Assigned task: Your output should be the exact lines from the start of the data through the line containing "I also want", with no pictures.

Exercise input:

+++

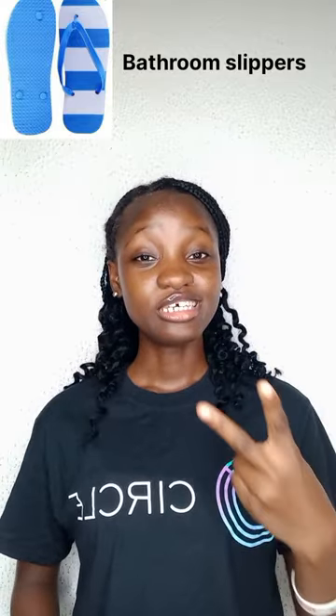Number two, you need to bring your bedroom slippers. This one is very, very, very important. Do not, whatever you do, do not forget to pack your bedroom slippers.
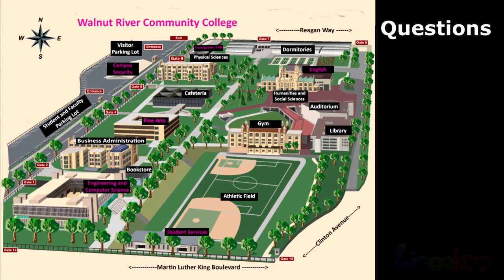Number 6. What is between the fine arts building and the physical sciences building? What is between the fine arts building and the physical sciences building?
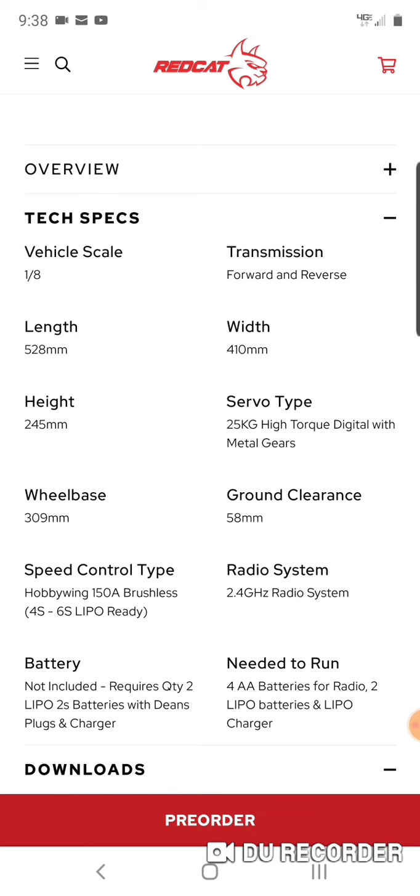It requires four AA batteries or a rechargeable option for the controller. It's going to be the standard Red Cat controller they've been releasing over the last year. The Red Cat controllers work well — great range and great response time in my opinion. You can upgrade to something else if you prefer, but I think out of the box it's going to be great for anyone.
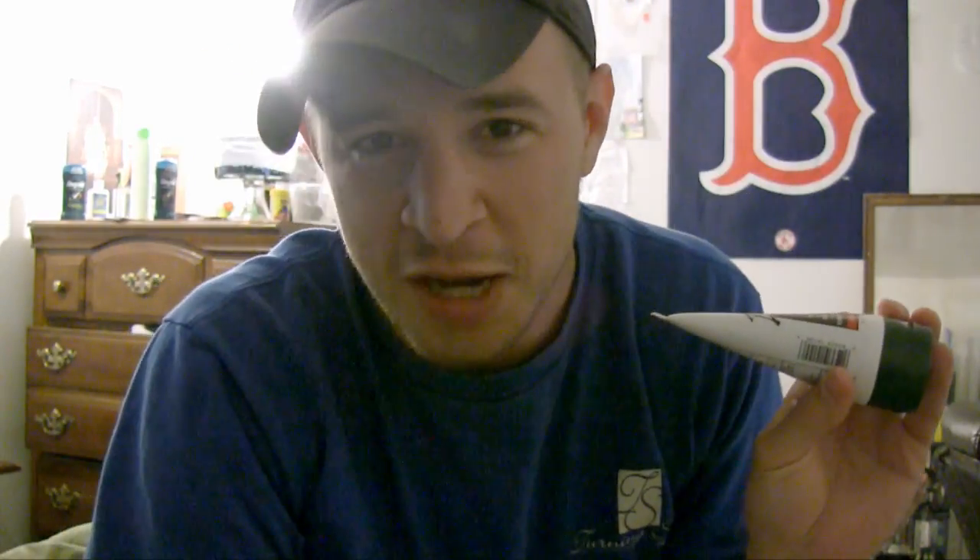I also want to go over this — it's a nice moisturizing lotion called Techno Extreme, for poison ivy. I like to use it on my thighs when I get a poison ivy rash. Thanks for watching, don't forget to subscribe — just kidding, guys.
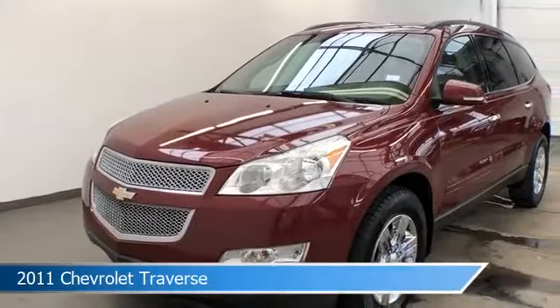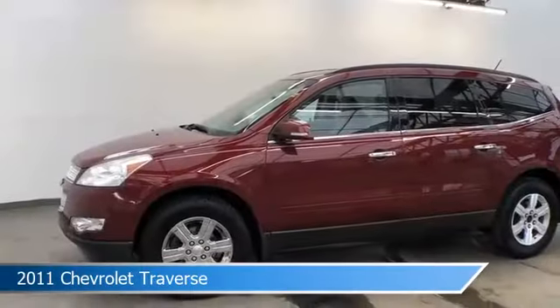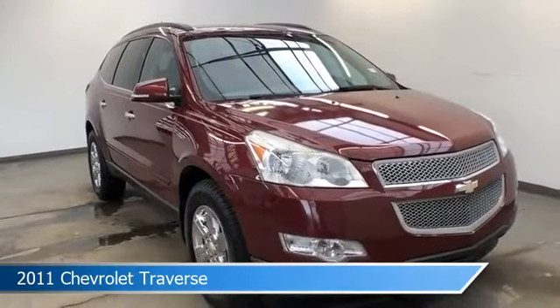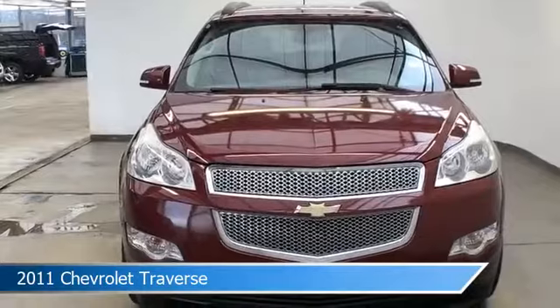Take a look at this 2011 Chevrolet Traverse, equipped with a 6-speed automatic electronic with overdrive transmission in red jewel tint coat. This car comes with some great features including all-wheel drive, power windows, alloy wheels, anti-lock brakes and more.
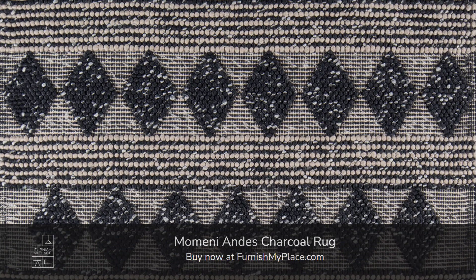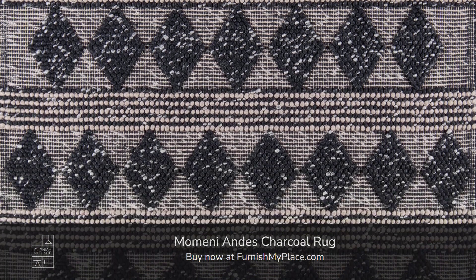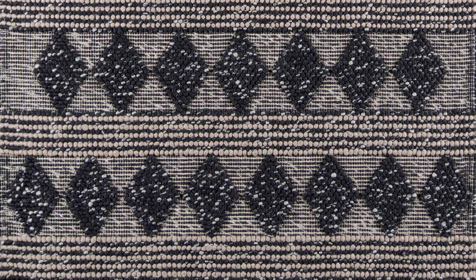Momony Andy's Charcoal Rug. Buy now at furnishmyplace.com. Link is given in the description. It is available in 7 sizes.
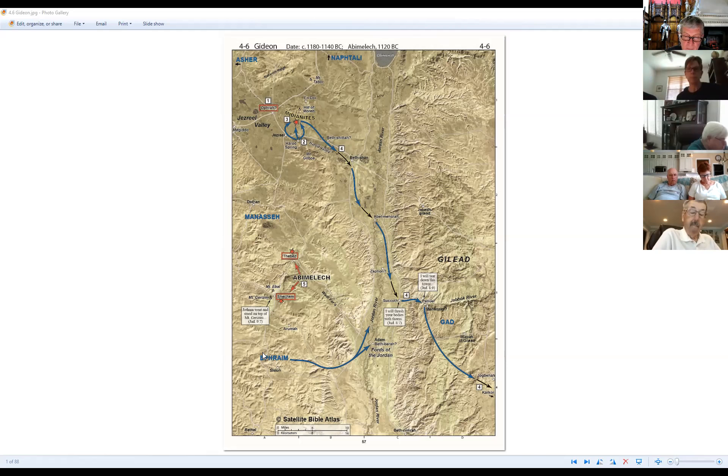It was in one of these operations that Abimelech met his death, dying as violently as he had lived — but with an irony. Scripture reading — Judges 9:52-54: 'And Abimelech came unto the tower, and fought against it, and went hard into the door of the tower to burn it with fire. And a certain woman cast a piece of millstone upon Abimelech's head, and all to break his skull. Then he called hastily unto the young man his armor-bearer, and said unto him, Draw thy sword and slay me, that men say not of me, A woman slew him. And his young man thrust him through, and he died.'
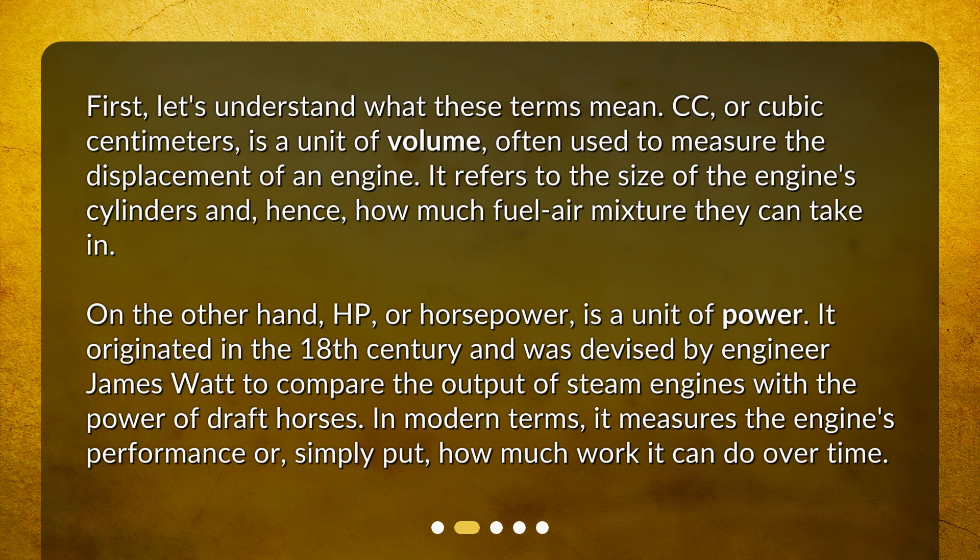On the other hand, HP, or horsepower, is a unit of power. It originated in the 18th century and was devised by engineer James Watt to compare the output of steam engines with the power of draft horses. In modern terms, it measures the engine's performance, or simply put, how much work it can do over time.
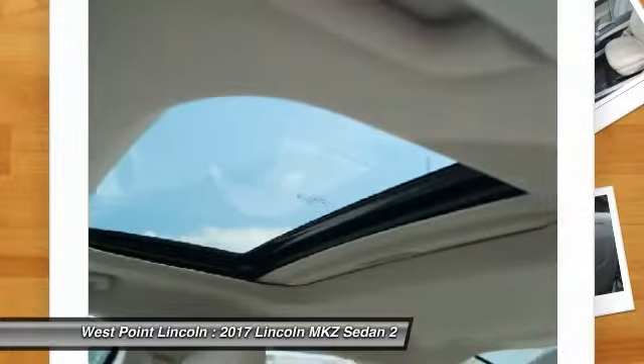Child safety locks, trip computer, compass, clock. Your new ride is just a phone call away.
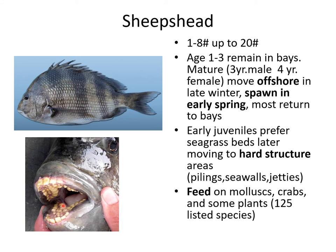Parks and Wildlife encourages catching and keeping the sheepshead. They're really tasty — the meat is good — but there's just not a lot of it on the animal.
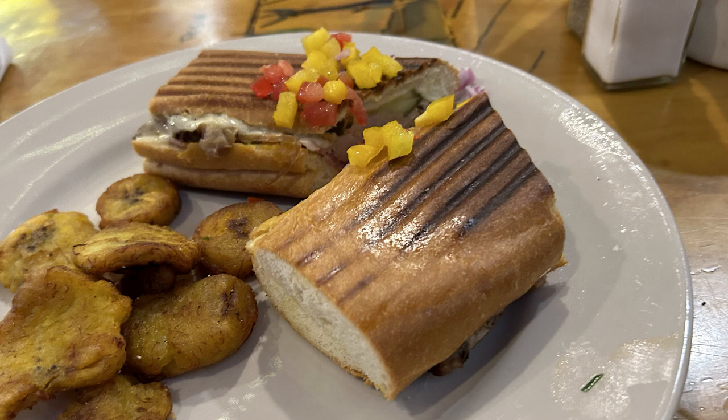Lunch of course was a Cubano sandwich from Cuba Cuba — just a fantastic restaurant. The rest of the afternoon was spent at the Virginia Museum of Fine Arts.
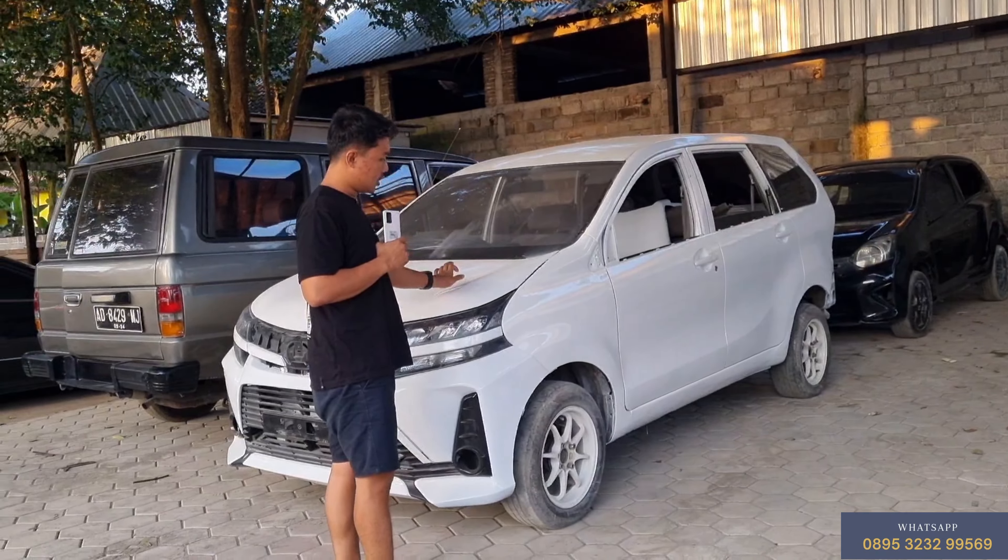Terus kita ready juga Avanza. Avanza lagi proses upgrade, belum dirapikan, kita jual di angka 110 juta — kalau sudah rapi besok kita review ya. Ada juga Avanza lain, kaleng semua, di angka 83 juta. Yang 110 juta nanti sudah dapet velg baru.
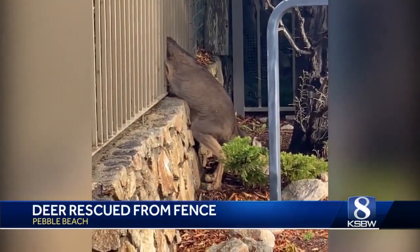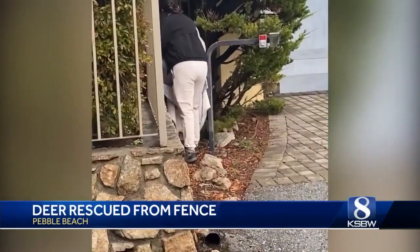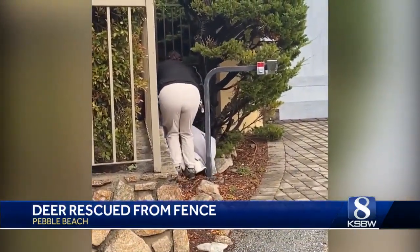Wild story out of Pebble Beach. Take a look at this video here — a deer stuck in the fence. Now, a neighbor was out for a walk when they spotted that deer stuck in the fence. They called the SBCA.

+++

Response area:
Number two, you need to bring your bedroom slippers. This one is very, very, very important. Do not, whatever you do, do not forget to pack your bedroom slippers.
Number 6. What is between the fine arts building and the physical sciences building? What is between the fine arts building and the physical sciences building?
It requires four AA batteries or a rechargeable option for the controller. It's going to be the standard Red Cat controller they've been releasing over the last year. The Red Cat controllers work well — great range and great response time in my opinion. You can upgrade to something else if you prefer, but I think out of the box it's going to be great for anyone.
I also want to go over this — it's a nice moisturizing lotion called Techno Extreme, for poison ivy. I like to use it on my thighs when I get a poison ivy rash. Thanks for watching, don't forget to subscribe — just kidding, guys.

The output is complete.